IRREVOCABLE TRUST CAN PREVENT
STEP-MOM FROM DISINHERITING KIDS
Use of Irrevocable Trusts to prevent disinheritance
of children of prior marriages.
Paper Mill Operation
Dear Mr. Miller: I hope you can help my brother and me. Our Dad died last month and I think all of his estate is going to end up with his wife’s children. Several years ago Dad married a lady who had two children of her own. Those children are about our age, in their 40’s. Dad had a lot of property and cash, I’d say he was worth about $550,000. When he died last month, he was still worth about that amount. But his wife, who we have never gotten along with, told us we would get nothing now and she would change the trust so that we would get nothing when she died. She’s going to leave it all to her kids and disinherit us! What happened is that two years ago Dad decided to have a Living Trust made out. He chose a very inexpensive attorney to do it. In fact, he never really saw the attorney. Instead a representative came to his house. This guy was really a salesman. He took some information from Dad as well as a check for $650. The following week Dad received a mail packet with all the documents in the envelope and instructions on how to have everything signed. He went ahead and followed the directions to the “T.” As I look over my copy of Dad’s trust, at the top of page one a box is checked stating “Joint Trust, Revocable for both Spouses lives.” Does this mean his wife can do whatever she wants with the assets and we get nothing? Dad said we were supposed to get everything when his wife died. I thought that all Living Trusts were irrevocable after one spouse dies.–Child With Disappearing Inheritance
Dear Disappearing: I constantly stress that there are 1000’s of different types of Living Trusts but still, many people don’t seem to want to believe this. Joint husband and wife Living Trusts can be revocable (able to be changed) or irrevocable (not capable of being changed) after the first death.

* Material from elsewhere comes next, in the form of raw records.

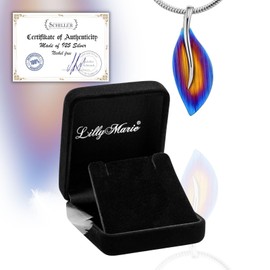LILLY MARIE Sterling Silver Women's Necklace with Colour Gradient Leaf Pendant, Sterling Silver, Amber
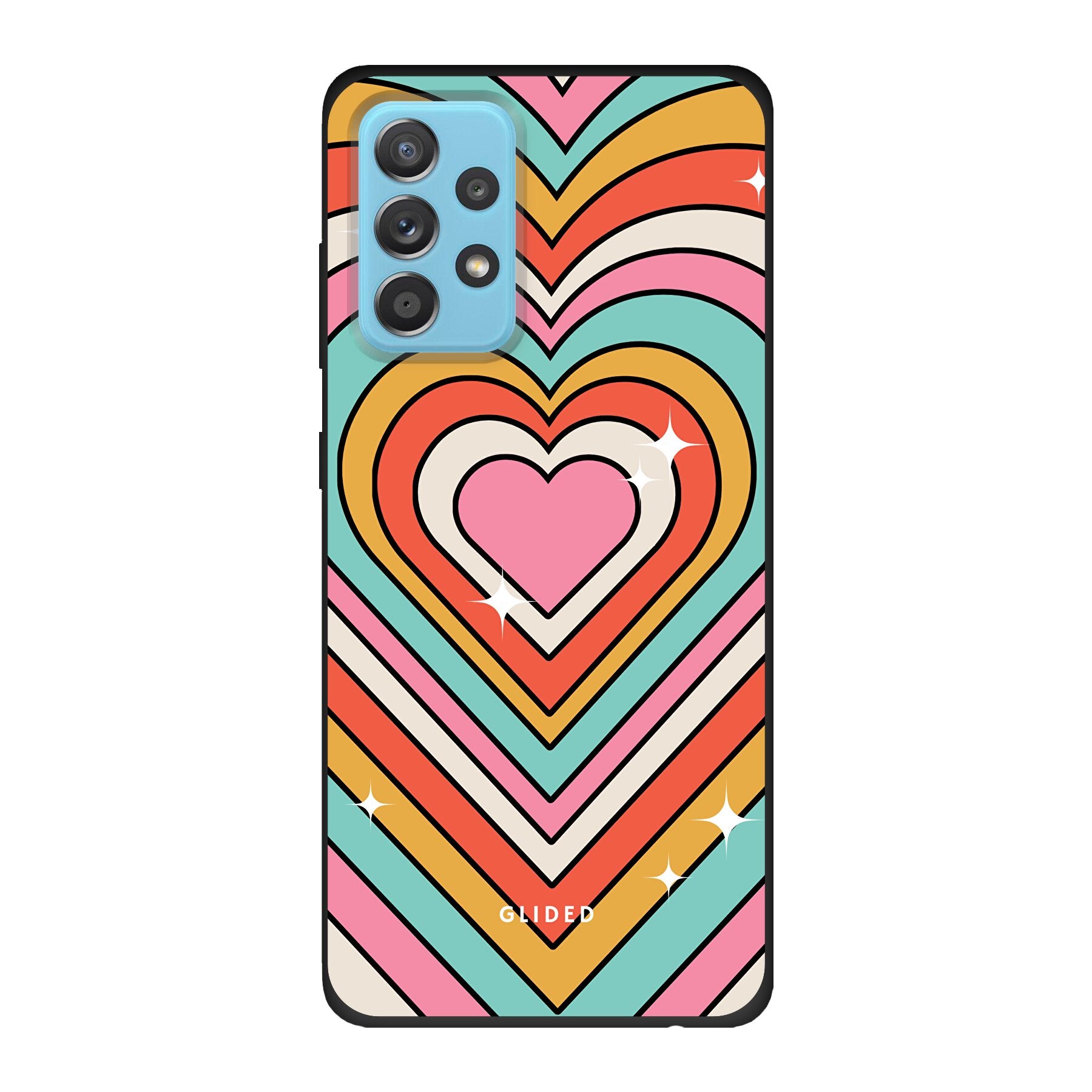 Endless Love Handyhülle für Samsung Galaxy A53 5G mit bunten Herzen, die Freude und Liebe ausstrahlen.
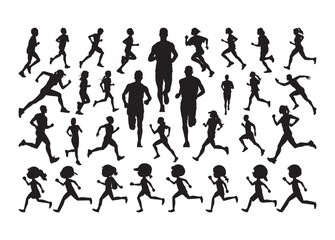 Running vector, Running clipart, Running silhouette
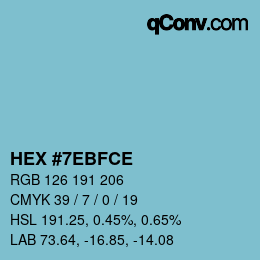 Farbcode: HEX #7EBFCE | qconv.com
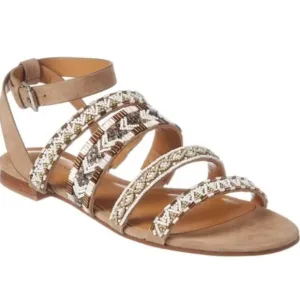 REBECCA MINKOFF Leila Tan Suede White Gold Beaded Ankle Strap Flat Heel Sandals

Very few Trusts that I have seen have check boxes on page one to describe the type of trust. But remember, whatever is indicated on page one may be different from the actual language inside the document. So I would suggest that you have an attorney review the actual document and not just assume what it says.
Paper Mill Operation: From your description of what took place, your Dad signed on with what we call a “paper mill” operation. Whether an attorney was actually involved in the drafting or review of the document is anyone’s guess. But when the entire interview is done by a salesman/representative this should be the first clue that things are not right.

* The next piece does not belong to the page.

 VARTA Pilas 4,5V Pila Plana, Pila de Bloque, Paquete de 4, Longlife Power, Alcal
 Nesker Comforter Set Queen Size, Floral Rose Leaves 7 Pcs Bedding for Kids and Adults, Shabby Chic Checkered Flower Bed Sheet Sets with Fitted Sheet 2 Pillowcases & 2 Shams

The salesman probably assisted your Dad in selecting the type of trust that would be prepared. But salesman usually have limited knowledge with which to advise. So your Dad apparently selected a trust which was revocable after the first death rather than one that became irrevocable at that point.

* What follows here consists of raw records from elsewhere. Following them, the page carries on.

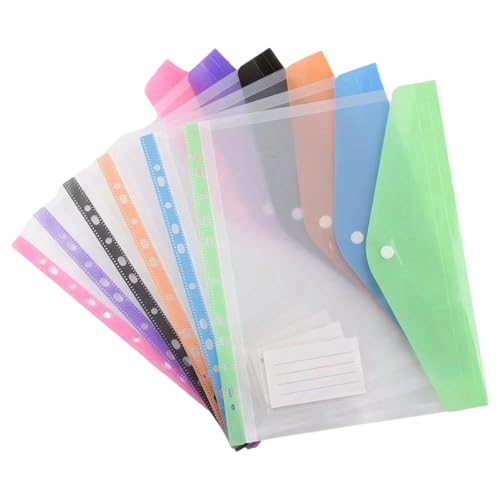 Dokumententaschen, transparent, 11 Löcher, Organizer mit Dokumentenmappe, Etikettenfach, 12 Stück von PANGBOER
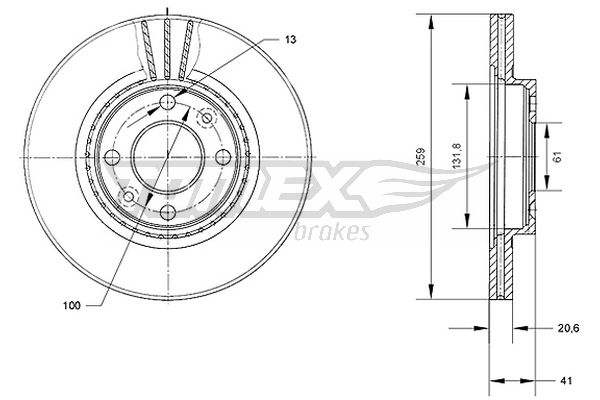 Bremsscheibe Vorderachse TOMEX Brakes TX 70-10 von TOMEX Brakes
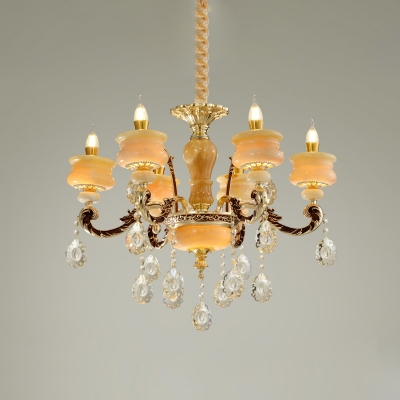 Retro Candle Style Chandelier 6/8 Lights Amber Glass Hanging Lamp in Gold with Faceted Crystal Drops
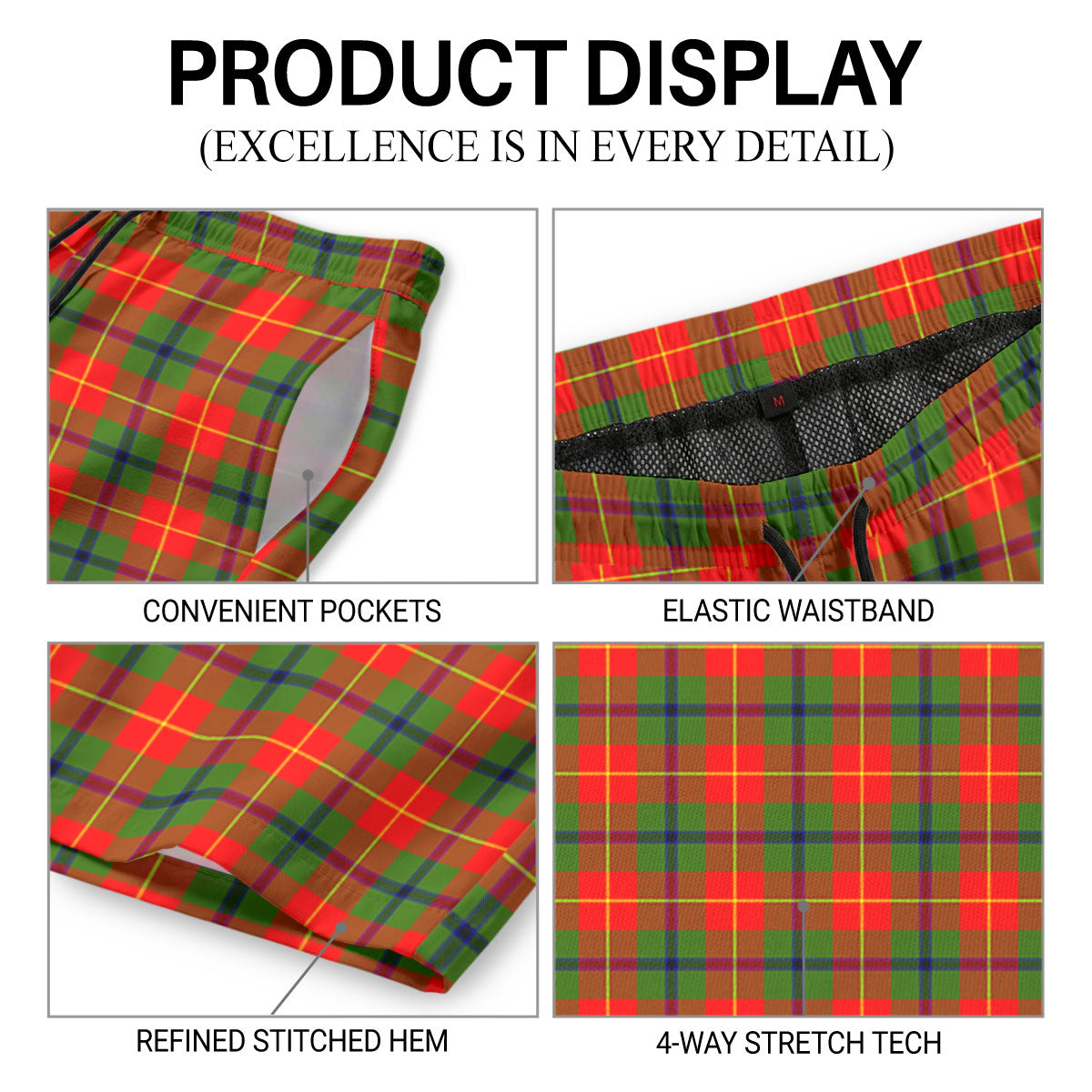 Turnbull Dress Tartan Crest Men's Beach Shorts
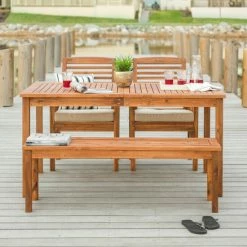 Discount 🔥 Middlebrook Designs Middlebrook Surfside 4-Piece Acacia Wood Outdoor Dining Set Dark Brown 🛒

Irrevocable Alternative: Usually an attorney asks all sorts of questions about your family and whether there are children from prior marriages in addition to finding out about the type of assets you own and your net worth. In your Dad’s case, he probably would have recommended a trust which would become irrevocable upon his death. At that time, his wife would have received the income from it for her life and maybe have had the ability to dip into the principal if she needed it. Upon her death, what was left would have been directed to be distributed to you and your brother.
The proper person to be advising on Trusts is an attorney skilled in this field. He may be more expensive than the alternative, but he’s dealing with your lifetime savings–something near and dear to most people’s hearts.
Please keep in mind that no two sets of circumstances are identical and that the answer to any legal problem may change drastically based on even a slight change in the circumstances.